Si tout concert est censé dessiner une courbe – voire un arc narratif, oui, monsieur -, alors celle du show de Lomepal est limpide. Elle suit celle de son look. Sur la main stage de Dour, la tête d’affiche du jour est arrivée en veste en daim/lunettes fumées. Qu’il a tombée après deux morceaux, pour continuer en chemise noire. Avant de passer au marcel de la même couleur, pour terminer finalement torse au vent. En termes d’intensité, Lomepal se pose. Certains y verront même une forme de mise à nu. De cela, par contre, on en est moins sûr..
Le Parisien l’avait lui-même expliqué à la sortie de son dernier album, Mauvais ordre. Lassé de parler de sa tronche, Lomepal a décidé de prendre de la distance avec ce qui ressemblait parfois à une thérapie en direct. A la place, il s’essaie à une écriture moins personnelle, empruntant davantage à la fiction. Une manière de relancer la plume. Et peut-être aussi, un peu, de se protéger. Au passage, cela lui a permis d’endosser également le costume de l’un de ses personnages favoris : celui de rockeur. Il n’est évidemment pas complètement neuf, pour celui dont l’un des premiers « tubes » faisait déjà référence à Janis Joplin. Mais désormais, le pli est pris.
Ticket rock
En 2018, lors de son dernier passage à Dour, Antoine Valentinelli de son vrai nom était encore ce rappeur-rider, accompagné de ses potes.

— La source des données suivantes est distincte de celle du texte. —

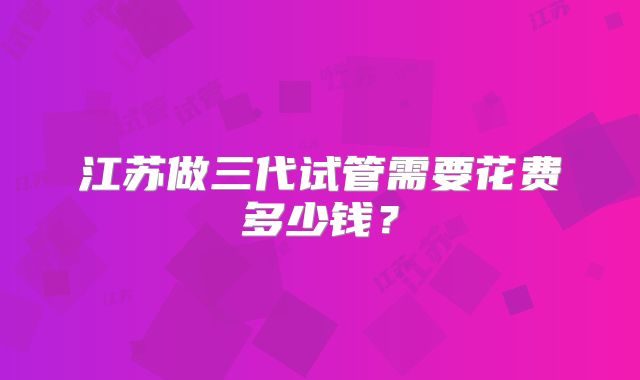 江苏做三代试管需要花费多少钱?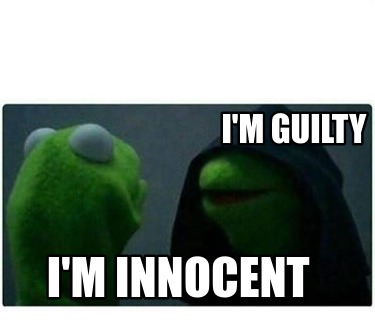 im-guilty-im-innocent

Désormais, il faut le voir débarquer sur scène, avançant lentement en contrejour, tel un lonesome cowboy, alors que le riff de guitare twangy d’Auburn électrise le public. This is the way, chante le French Julian Casablancas… Il est entouré d’un vrai groupe. Un « gang », en formation guitare-basse-batterie-claviers, pour appuyer encore un peu plus la mue. Juste derrière, sur 50°, le batteur (Aymeric Westrich) a beau faire sonner par exemple ses hit hat comme ceux d’un beat trap, la tension recherchée est bien celle d’un combo électro-rock. Plus loin, pour Etna, Lomepal monte sur les échafaudages métalliques, s’agitant et s’ébrouant frénétiquement : la mèche des premiers pogos est allumée.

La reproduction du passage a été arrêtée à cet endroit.